Una persona procedente del tercer mundo tendrá difícil volver, porque ya no se adaptará a la inseguridad, a carecer de cuidados sanitarios de calidad, de servicios públicos que funcionen. Si regresa a su país de origen, siempre comparará lo que encuentre con lo que conoció, aunque no perteneciese aquí, donde el idioma, la comida, y las costumbres le eran ajenas, pero quizás disfrutó de una educación para sus hijos y una sanidad para él y su familia impensables en el país donde nació. Es posible que ya en ninguna parte encuentre un hogar, y vivirá con el recuerdo de una patria que ya no existe. Hace falta una consistencia muy profunda para comprender que cada uno somos nuestra patria y nuestra casa, y ni siquiera eso evita amarguras y soledades.

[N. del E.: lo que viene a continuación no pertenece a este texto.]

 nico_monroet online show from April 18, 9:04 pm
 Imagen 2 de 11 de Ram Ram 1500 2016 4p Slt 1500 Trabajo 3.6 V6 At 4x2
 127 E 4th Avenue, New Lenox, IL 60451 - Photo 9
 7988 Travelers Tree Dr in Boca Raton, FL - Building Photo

El problema de la inmigración incontrolada es muy complejo y los ciudadanos individuales carecemos de respuestas, pero podemos reflexionar sobre lo que nos rodea e intentar tratar a los inmigrantes que encontremos como hermanos, o al menos como semejantes y no como enemigos. Preguntarnos cómo viviríamos nosotros el tener que dejar atrás todo lo que nos da seguridad y a veces identidad, perder familia, amigos, referencias. Sentirse despreciado, rechazado, observado como un extraño.

Demagogia

Sin embargo, conviene evitar recetas facilonas, muchas veces prescritas por quienes nunca trabajaron ni estuvieron con inmigrantes, y mucho menos dedican su tiempo o dan nada propio a alguna de estas personas. Términos como “solidaridad, refugiados bienvenidos” y similares resultan obscenos en según qué bocas y qué contextos. La demagogia en este tema tan difícil se ha convertido en la norma de los actuales gobernantes.

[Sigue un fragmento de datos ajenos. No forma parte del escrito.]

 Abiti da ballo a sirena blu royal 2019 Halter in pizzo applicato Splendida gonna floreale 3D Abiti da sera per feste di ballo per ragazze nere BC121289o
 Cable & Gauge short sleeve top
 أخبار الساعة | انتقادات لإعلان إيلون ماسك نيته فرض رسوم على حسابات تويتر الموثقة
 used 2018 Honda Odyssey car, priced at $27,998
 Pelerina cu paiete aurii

Me limito a compartir reflexiones de una persona que observa la realidad y no le gusta lo que ve, que carece de soluciones pero que sabe que, en otras épocas, también nosotros fuimos forasteros en otro país, y ojalá no nos vuelva a ocurrir en nuestra historia como sociedad y como nación.

Recen por los enfermos y por quienes les cuidamos.